I'd prefer to see this ref-filter.c change split out as a separate
patch so as not to pollute the otherwise single-purpose change
introduced by this patch (i.e. capability to omit the terminator).

Also, it might make sense to move this patch to the head of the
series, since it's conceptually distinct from the rest of the patches,
and could conceivably prove useful on its own, regardless of how the
rest of the series fares.

>                                 if (!strtoul_ui(s[0]->buf, 10, (unsigned int *)&width))
>                                         ;
>                                 else if (!strcmp(s[0]->buf, "left"))
> diff --git a/strbuf.c b/strbuf.c
> @@ -115,7 +115,7 @@ void strbuf_tolower(struct strbuf *sb)
>  }
>
>  struct strbuf **strbuf_split_buf(const char *str, size_t slen,
> -                                int terminator, int max)
> +                                int terminator, int max, int with_term)

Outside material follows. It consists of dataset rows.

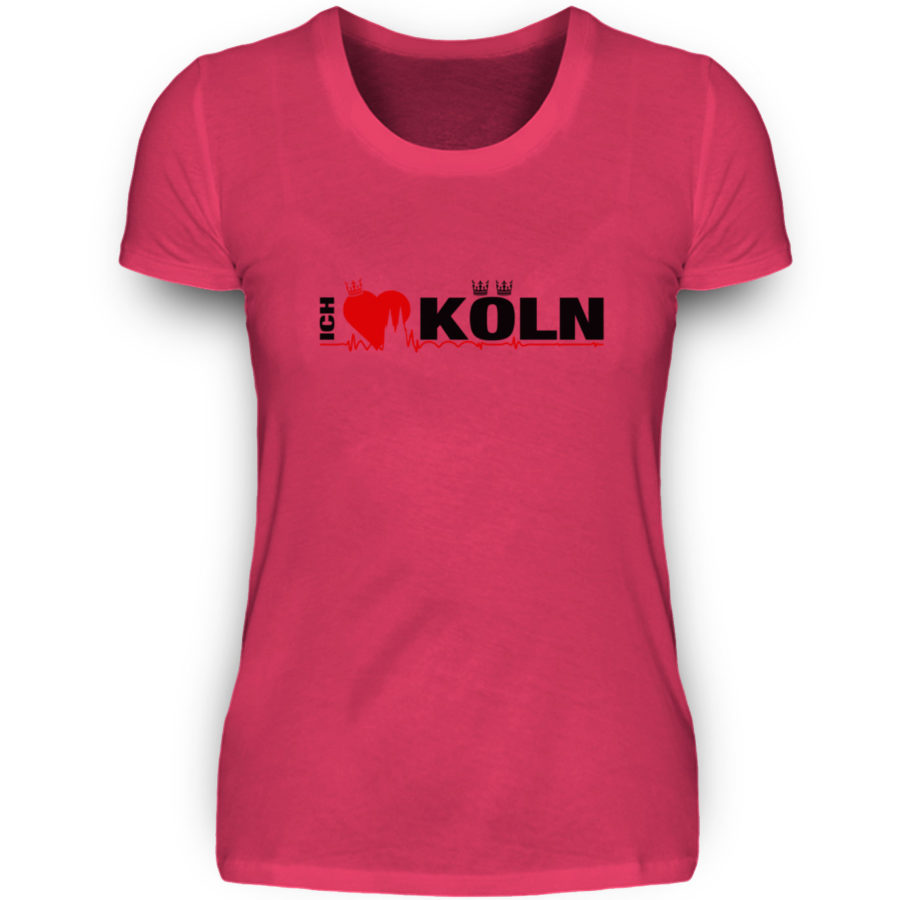 Pinkes Damen-T-Shirt mit "Ich liebe Köln" Aufdruck; mittig auf Brust wobei ein rotes Herz das Wort Liebe symbolisiert und das Wort ich hochkant, während das Wort Köln waagerecht geschrieben ist - Somit kann das Motiv auf dem T-Shirt aus Entfernung auch als "I love Köln" gelesen werden.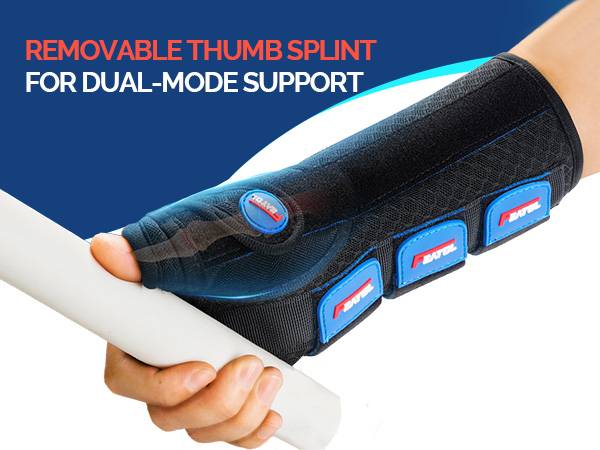 removable thumb splint for dual mode support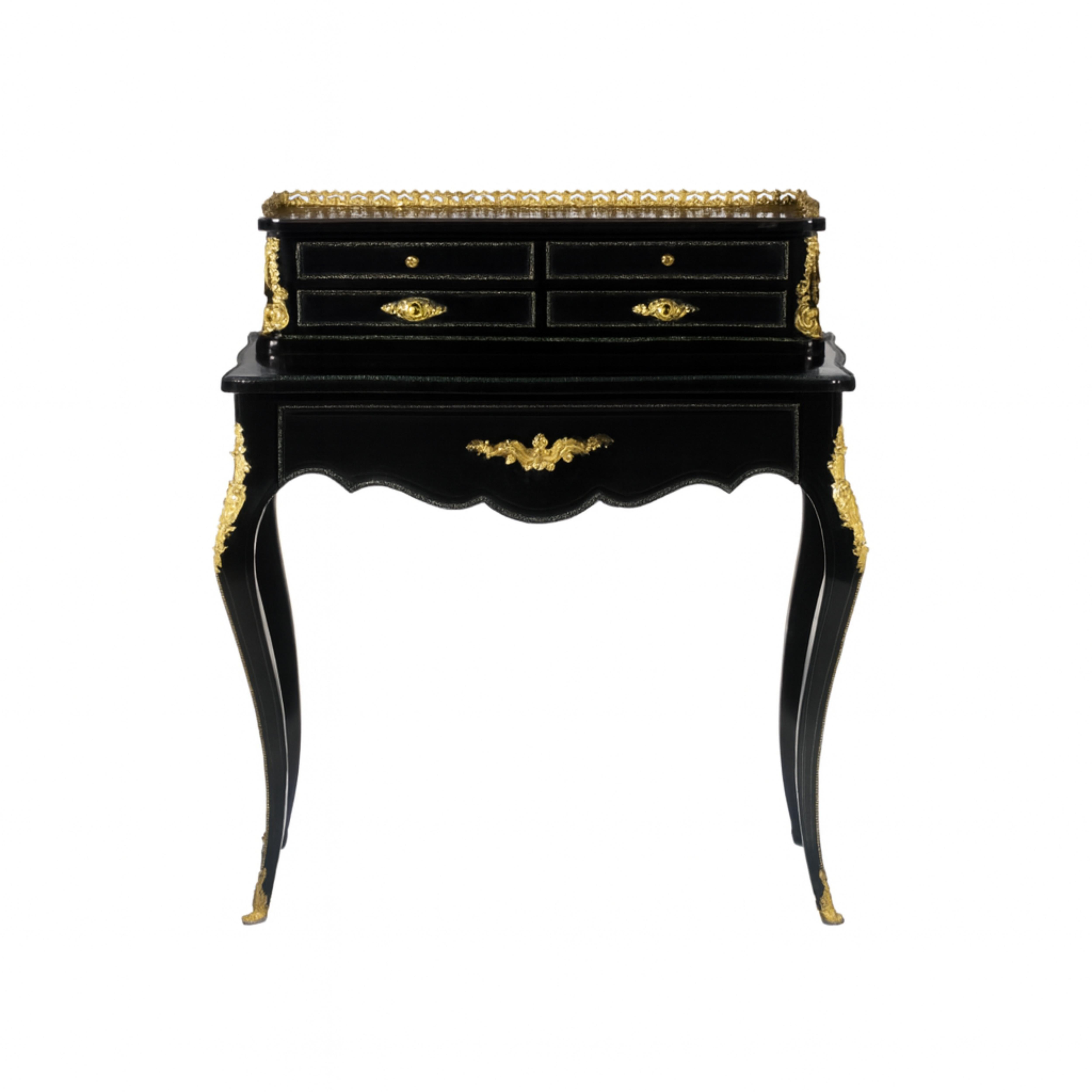 Ottone Bonheur du Jour francese in lacca nera in stile Luigi XVI, fine XIX secolo in vendita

"with_term" might undesirably be interpreted as meaning "use this
particular term". Perhaps a different name, such as "include_term",
"drop_term", or "omit_term" would be a bit less ambiguous. (I think I
prefer "omit_term".)

>  {
>         struct strbuf **ret = NULL;
>         size_t nr = 0, alloc = 0;
> @@ -123,18 +123,27 @@ struct strbuf **strbuf_split_buf(const char *str, size_t slen,
>
>         while (slen) {
>                 int len = slen;
> +               int term = with_term;

"term" is not a great variable name, and is easily confused with the
existing "terminator" input argument. This is really being used as a
length adjustment, so perhaps a name such as 'term_adjust' or
'len_adjust' or something better would be preferable.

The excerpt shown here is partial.